О художественном своеобразии «Степи» Короленко писал: «Некоторые критики отмечали, что „Степь“ – это как бы несколько маленьких картинок, вставленных в одну большую раму. Несомненно, однако, что эта большая рама заполнена одним и очень выдержанным настроением. Читатель как будто сам ощущает веяние свободного и могучего степного ветра, насыщенного ароматом цветов, сам следит за сверканием в воздухе степном бабочки и за мечтательно-тяжелым полетом одинокой и хищной птицы, а все фигуры, нарисованные на этом фоне, тоже проникнуты оригинальным степным колоритом» (Чехов в воспоминаниях, стр. 141). Короленко прочитал «Степь» одним из первых, в рукописи, и его мнение было известно Чехову уже в 1888 году (например, из письма Плещеева от 8 февраля). По свидетельству Ф. Д. Батюшкова, «Короленко придавал ей („Степи“) символическое значение для целой полосы русской жизни того времени – унылой в своей безбрежности именно как степь» (Ф. Д. Батюшков. Антон Павлович Чехов. – В кн.: История русской литературы XIX в. под ред. Д. Н. Овсянико-Куликовского, т. V. М., 1910, стр. 197).

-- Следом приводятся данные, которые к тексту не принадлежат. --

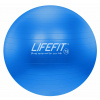 Gymnastická lopta LIFEFIT ANTI-BURST, 75cm, modrá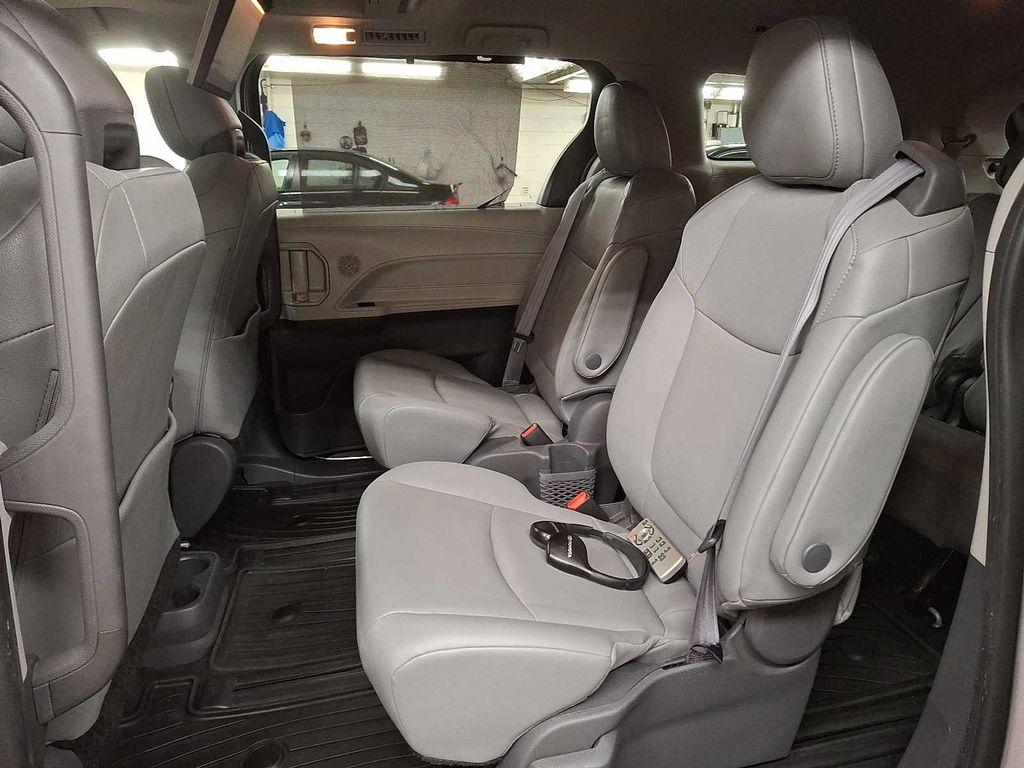 used 2021 Toyota Sienna car, priced at $33,799
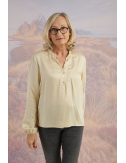 Blouses & Chemises OLIVIA SATIN en Modal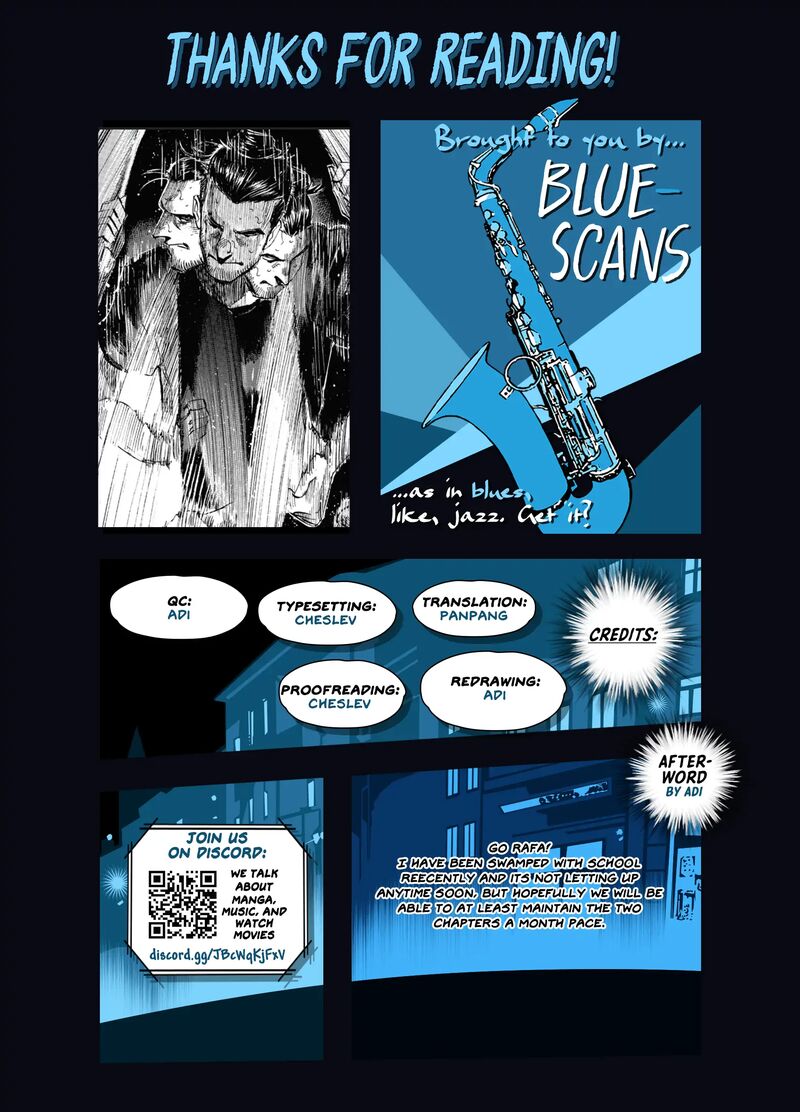 Blue Giant Supreme 62 25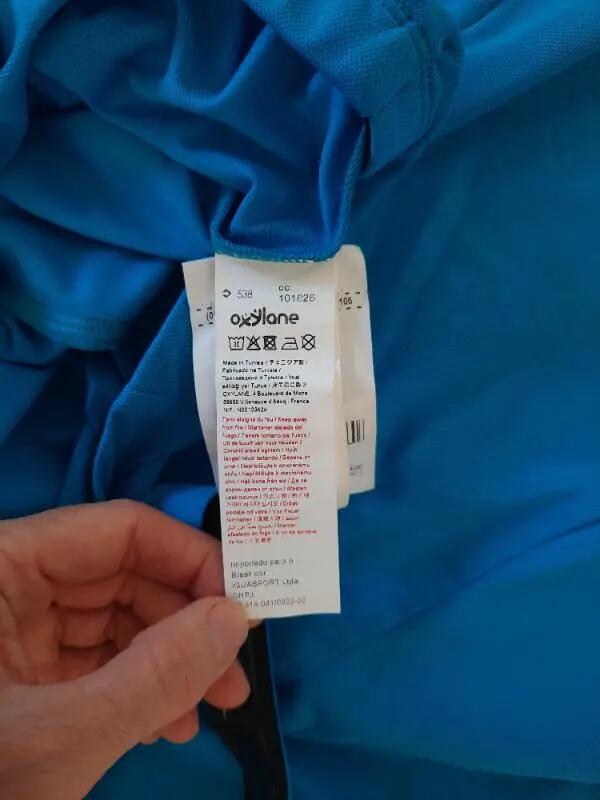 Tussen Particulieren - Fietsshirt Large 6/7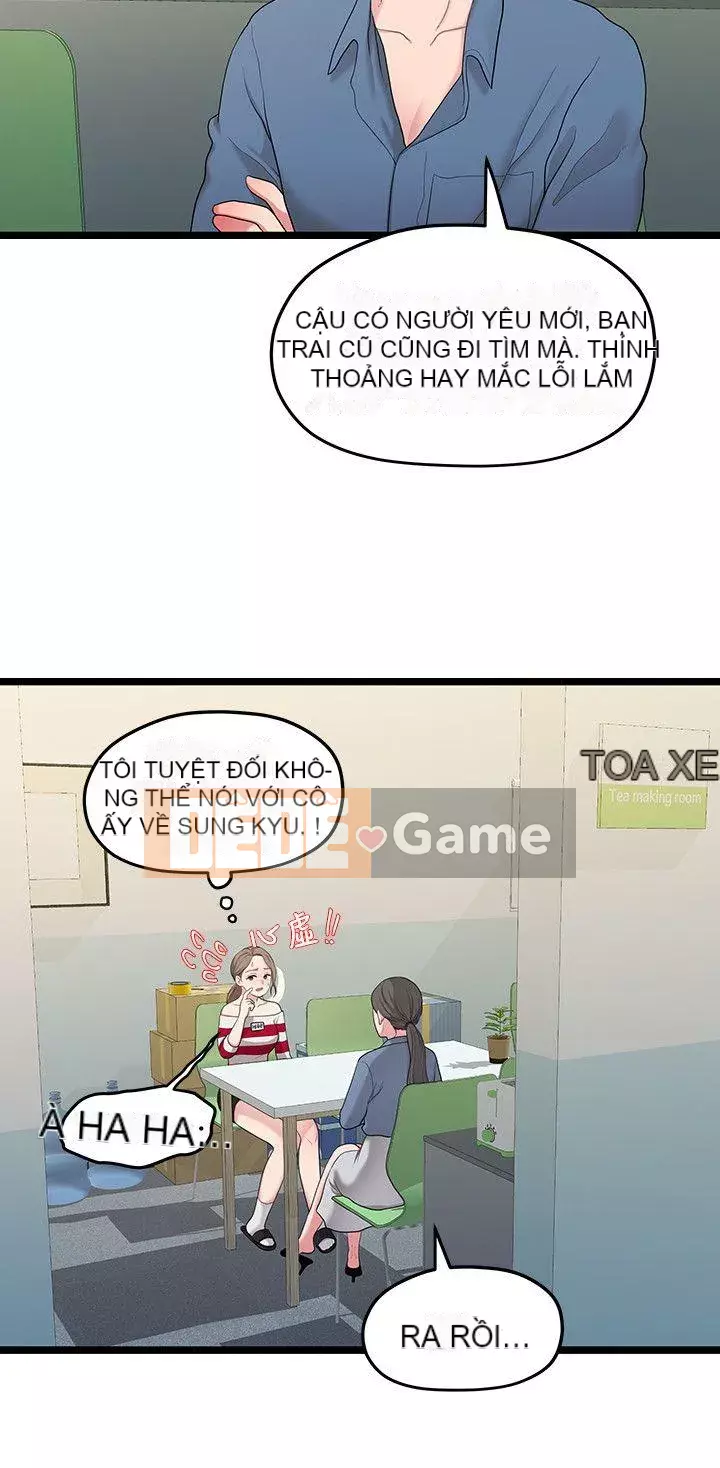 Chính mối quan hệ của chúng ta Chương 1-43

Известно суждение о «Степи» Л. Н. Толстого, относящееся к 1903 году. Х. Н. Абрикосов писал из Ясной Поляны своему отцу Н. А. Абрикосову 27 января 1903 г., что Толстой «назвал четыре вещи Чехова, которые он хвалит: „Детвора“, „Тоска“, „Степь“ и „Душечка“» («Летописи Государственного литературного музея», кн. 12, М., 1948, стр. 441).

При жизни Чехова повесть была переведена на шведский язык.

Стр. 69. клуня – на юге России так называется рига, т. е. постройка для сушки и хранения зерна.

Стр. 70. лобанчик – золотой червонец.

Стр. 76. шибеница – на юге России название виселицы, дыбы.

Стр. 98. Петр Могила (1596–1647), киевский митрополит, много заботившийся о просвещении, в частности – о Киевобратской (Могилянской) школе.

духов с того света вызывать, как Саул…– Подразумевается библейская легенда о царе Сауле: дух отца Самуила предсказал Саулу конец его царствования (Библия, I-я книга царств, гл. 28).

Василий Великий (ок. 330–379), христианский церковный деятель.

Нестор (годы рожд. и смерти неизвестны), древнерусский историк и публицист, по-видимому, монах Киево-Печерского монастыря с 70-х гг. XI века, автор «Чтения о житии… Бориса и Глеба» и «Жития… Феодосия». Многие ученые считают, что Нестор был одним из составителей «Повести временных лет».